U.S. parts maker Tenneco last week said it had formed a joint venture with Beijing Hainachuan Automotive Parts Co., to make emissions-control and exhaust systems at a plant in Beijing, its sixth joint venture in China. It also operates one wholly owned plant. Initially, the venture will supply the China operations of Hyundai Motor.
The Chinese auto-parts sector hasn’t been immune to global turmoil. Already some companies were phased out amid liquidity problems as demand abroad and in China fell in last year’s second half. Chinese suppliers’ revenue from exports to the U.S. declined 10% in 2008 from the previous year, the AlixPartners study said.
China’s parts industry will look more to its home market this year, which has recovered on the back of government policies and saw sales in May rise 34%.
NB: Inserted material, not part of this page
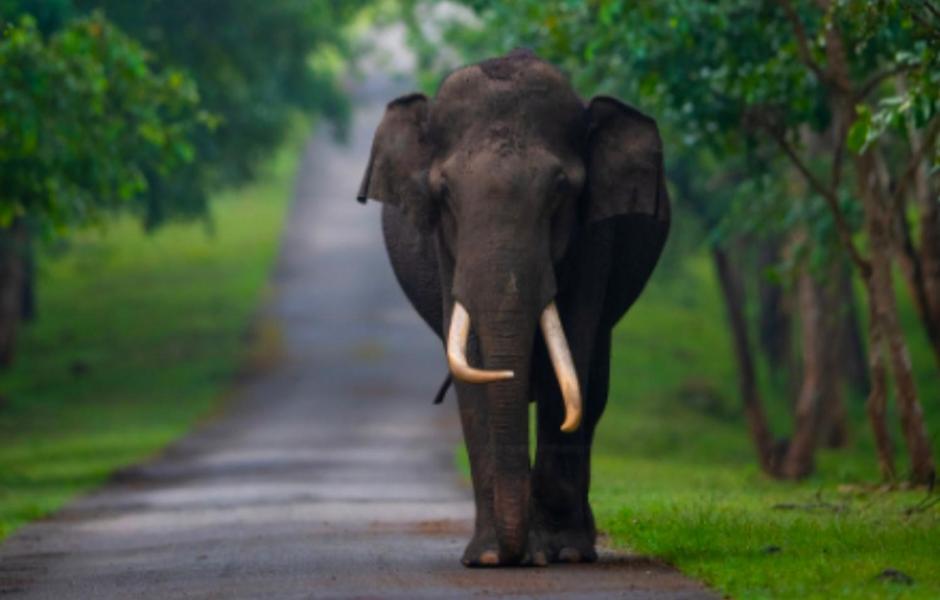 Angels Nest Home Stay 2 Acra Private Plantation Mountain Area Balconey Sunrice View Nearby Ngarhole Wild Life , Tholpetty Wild Life , Pakshipathalam Bird Santuary , Kuruva Island # Thirunelly & Thrissilery Temple Near By Secure Stay Wayanad Kerala Chegāt Esterno foto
Meanwhile, the big global auto makers increasingly look to China for parts. In 2008,Ford, which has contracts with local suppliers for components, shipped $2.8 billion in parts from China to its operations elsewhere, mainly in North America. While the figure is a small part of its procurement worldwide, it represents a 10-fold increase over the previous five years, Parker said.
China still lags developed countries for technology-intensive parts such as fuel injection systems and intelligent electronics, but analysts say that is changing.
Many global auto makers either have or likely will move their electronics operations to China, said Andy Chien, president of Ricardo Strategic Consulting in North America.
“The center of gravity has really moved to the Pearl River Delta area and Guangzhou,” he said, adding that developing propriety technology is the next step for Chinese parts makers.